### Dataset content
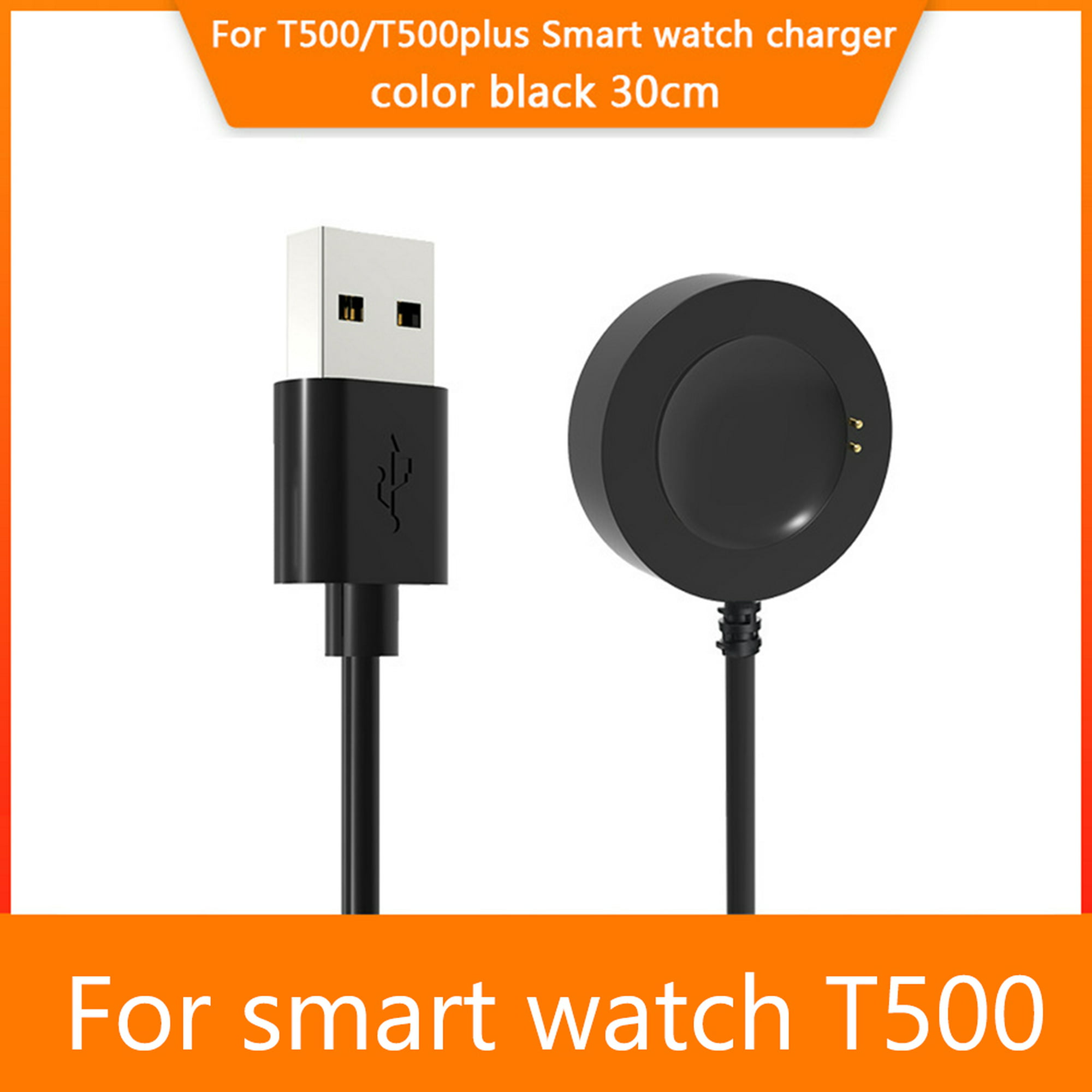 Cable de carga de reloj inteligente magnético para reloj T500 T500 Plus  Base de cargador USB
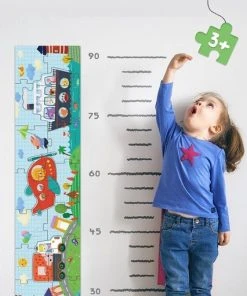 MiDeer Pinwheel Hoge Kwaliteit Mijn Eerste Lange Puzzel 94*21CM 30 Extra Grote En Dikke Stuks - Ruimte: Ruimteschip + Raket + Constellatie + Satelliet - Vloer Puzzel Voor 2 Jaar+ - Vloer Puzzel Voor Peuter Vanaf 2 Jaar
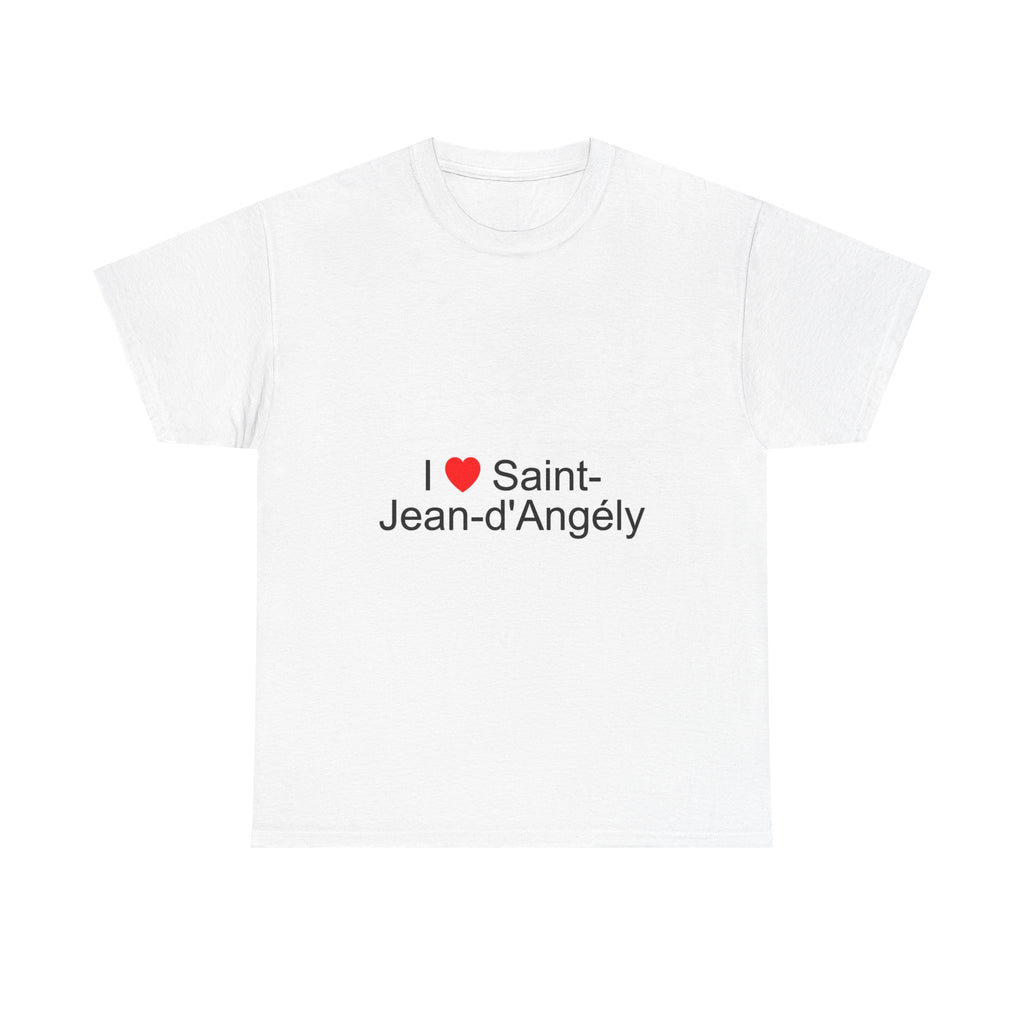 T-Shirt Ich liebe Saint-Jean-d'Angély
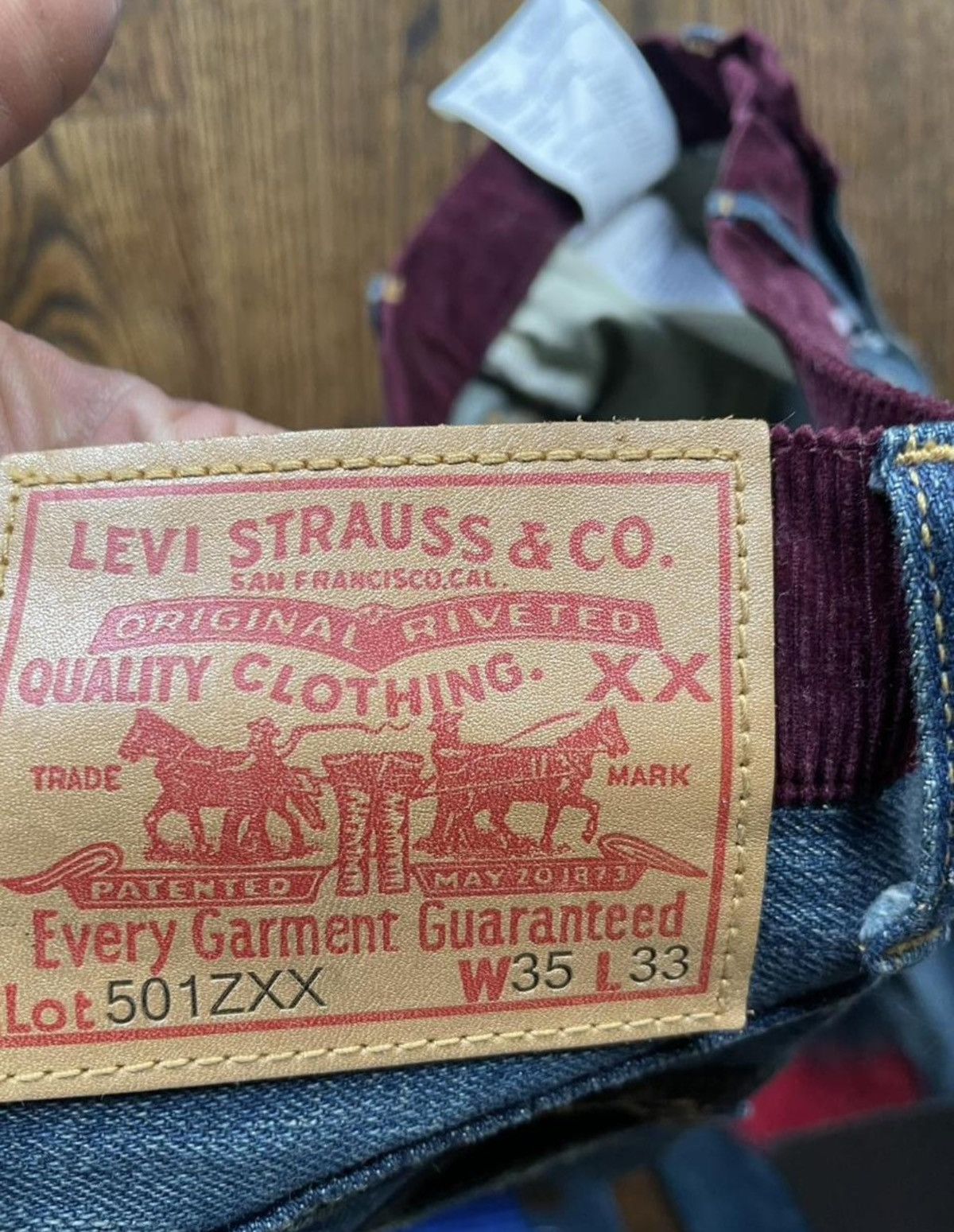 Junya Watanabe × Levi's unya Watanabe MAN x Levi’s patchwork denim super rare piece Size US 32 / EU 48 - 5 Thumbnail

### Exercise
Copy out exactly the lines that run from the line containing "T-Shirt Ich liebe Saint-Jean-d'Angély" through the last line of the material, and nothing more; omit the pictures.

### Exercise response
 T-Shirt Ich liebe Saint-Jean-d'Angély
 Junya Watanabe × Levi's unya Watanabe MAN x Levi’s patchwork denim super rare piece Size US 32 / EU 48 - 5 Thumbnail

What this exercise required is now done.